I would like to implement the model depicted in the following picture using Keras, but I have no idea how to do it.
If the input of the model was given like (batch, max_length_sentence, max_length_of_word)
, how would I need to implement it?
I would like to implement the model depicted in the following picture using Keras, but I have no idea how to do it.
If the input of the model was given like (batch, max_length_sentence, max_length_of_word)
, how would I need to implement it?
If I understand your question correctly, each single training sample consists of multiple sentences where each sentence consists of multiple words (it seems that each training sample is sentences of a text document). The first LSTM layer processes a single sentence and then after processing all the sentences, the representation of sentences by the first LSTM layer is fed to the second LSTM layer.

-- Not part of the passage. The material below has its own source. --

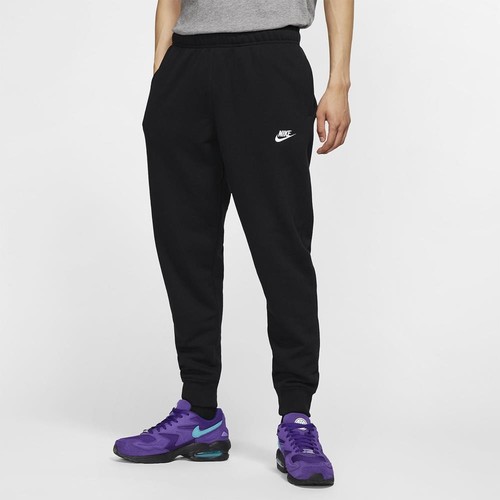 Nike sportswear club french - nike,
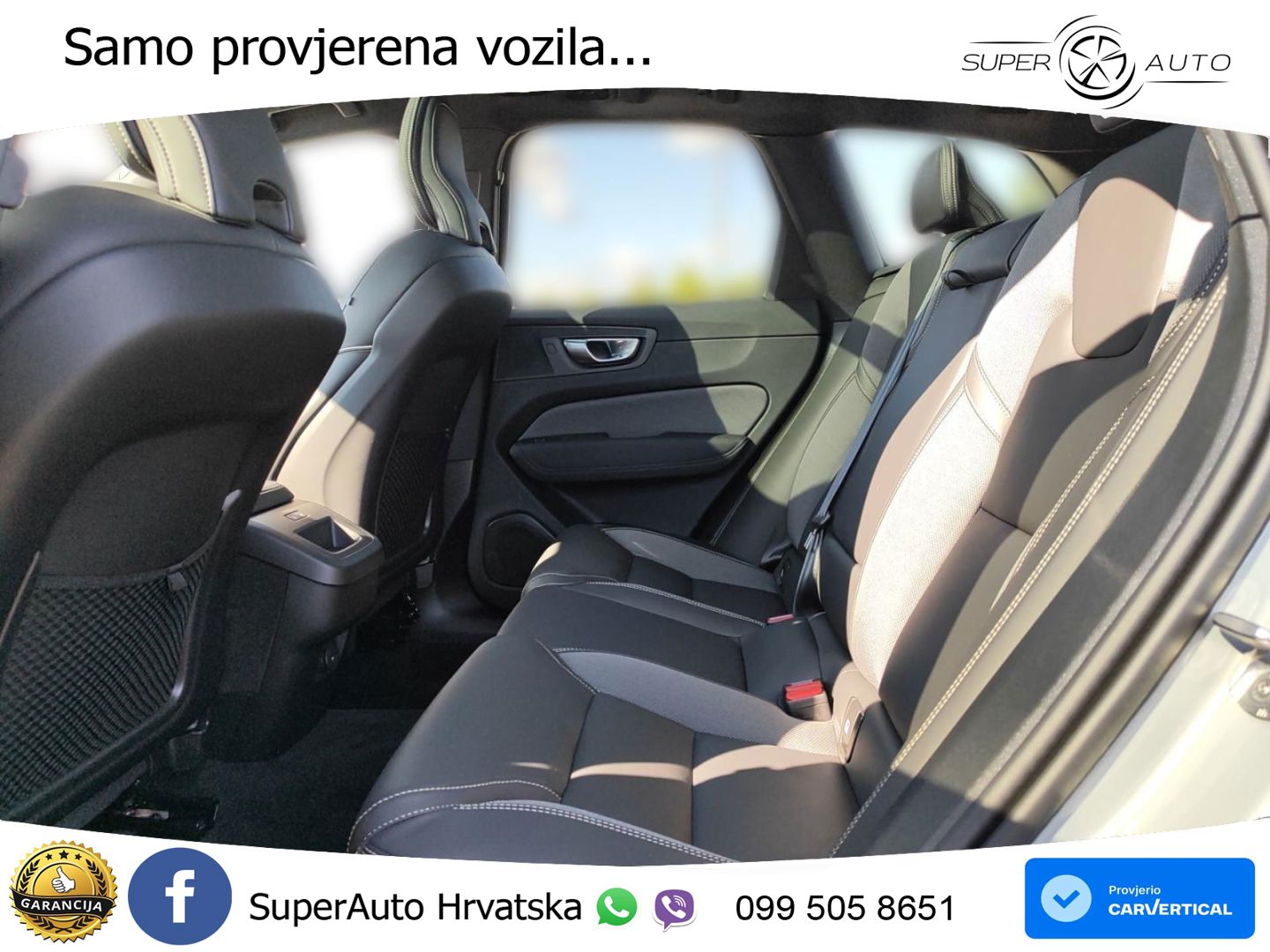 Volvo XC60 B5 Benzin AWD Geartronic ACC+HEAD+4xGR SJED+360+PANO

To implement this architecture, you need to wrap the first LSTM layer inside a TimeDistributed
layer to allow it to process each sentence individually. Then you can simply add another LSTM layer on top to process the outputs of first LSTM layer. Here is an sketch:
lstm1_units = 128
lstm2_units = 64
max_num_sentences = 10
max_num_words = 100
emb_dim = 256
model = Sequential()
model.add(TimeDistributed(LSTM(lstm1_units), input_shape=(max_num_sentences, max_num_words, emb_dim)))

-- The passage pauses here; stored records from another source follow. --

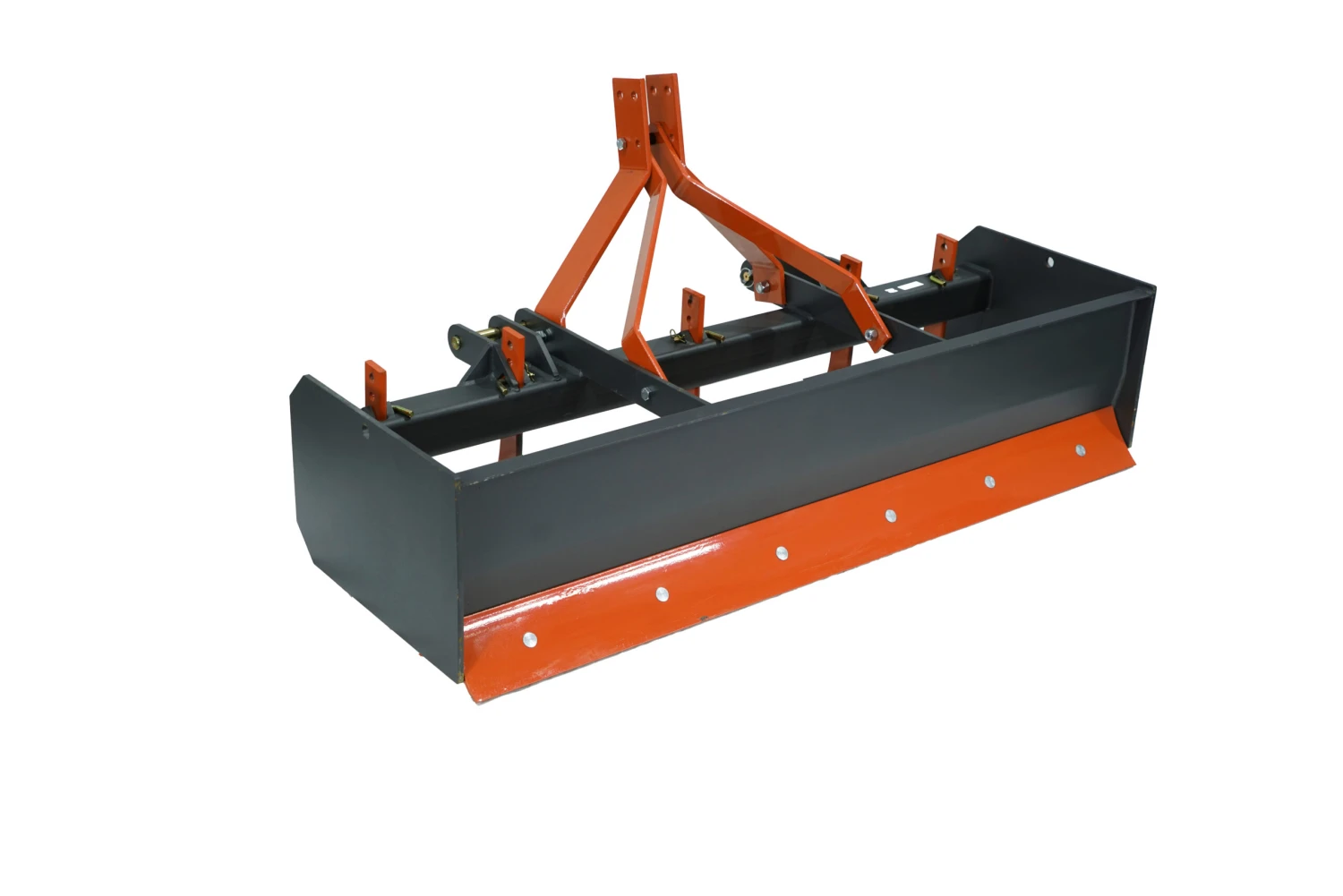 KIC03 KIOTI CK3520 Tractor Bundle 4 KIC03 KIOTI CK3520 Tractor Bundle - Image 2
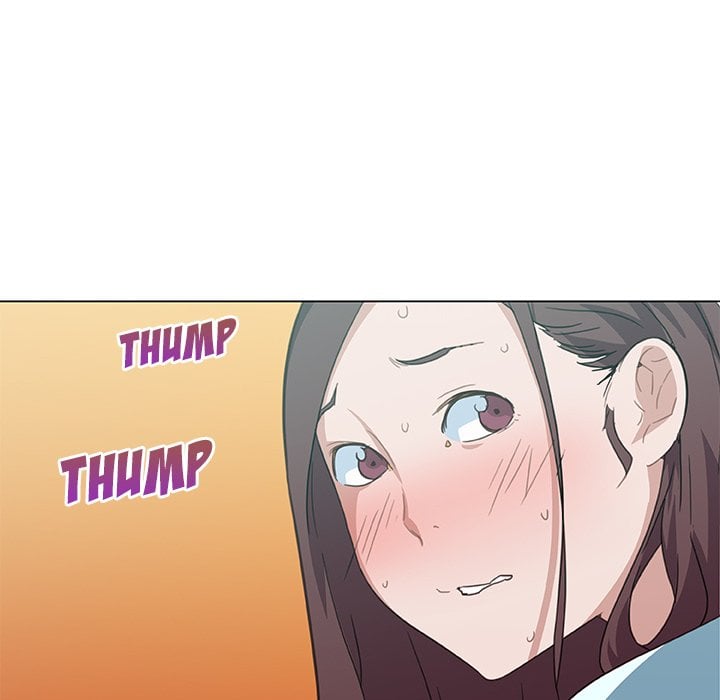 Family Adjustments - Chapter 26 80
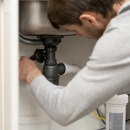 Bailey's Plumbing & Heating - Plumbers
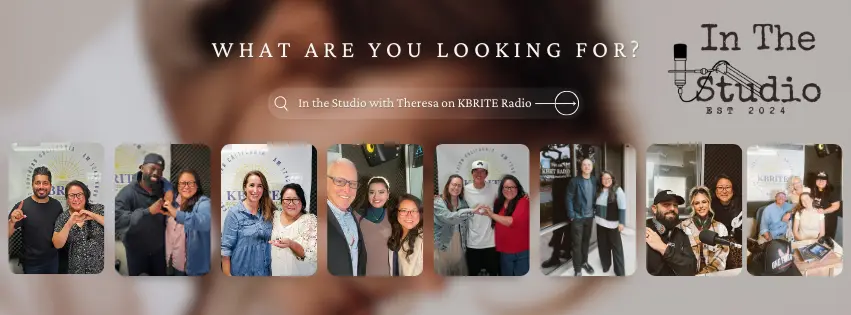 in-the-studio-1-28-26-1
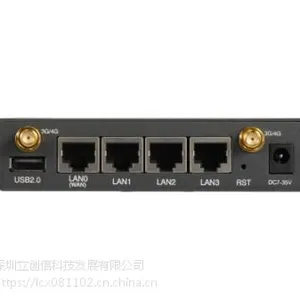 ��ҵ��wifi ������ͨ�ƶ�3G4G����·������ҵ��wifi ������ͨ�ƶ�3G4G ����ͨ��V520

model.add(LSTM(lstm2_units, return_sequences=True))
model.summary()
Model summary:
Layer (type) Output Shape Param #
=================================================================
time_distributed_4 (TimeDist (None, 10, 128) 197120
_________________________________________________________________
lstm_6 (LSTM) (None, 10, 64) 49408
=================================================================
Total params: 246,528
Trainable params: 246,528
Non-trainable params: 0
_________________________________________________________________
As you can see, since we have used return_sequences=True
for the second LSTM layer, its output corresponding to each sentence is returned (this is in accordance with the figure in your question). Further, note that here we have assumed that the words have been represented using word vectors (i.e. word embeddings). If that's not the case, and you would like to do so, you can simply add an Embedding
layer (wrapped in a TimeDistributed
layer) as the first layer to represent the words using word embeddings and the rest would be the same.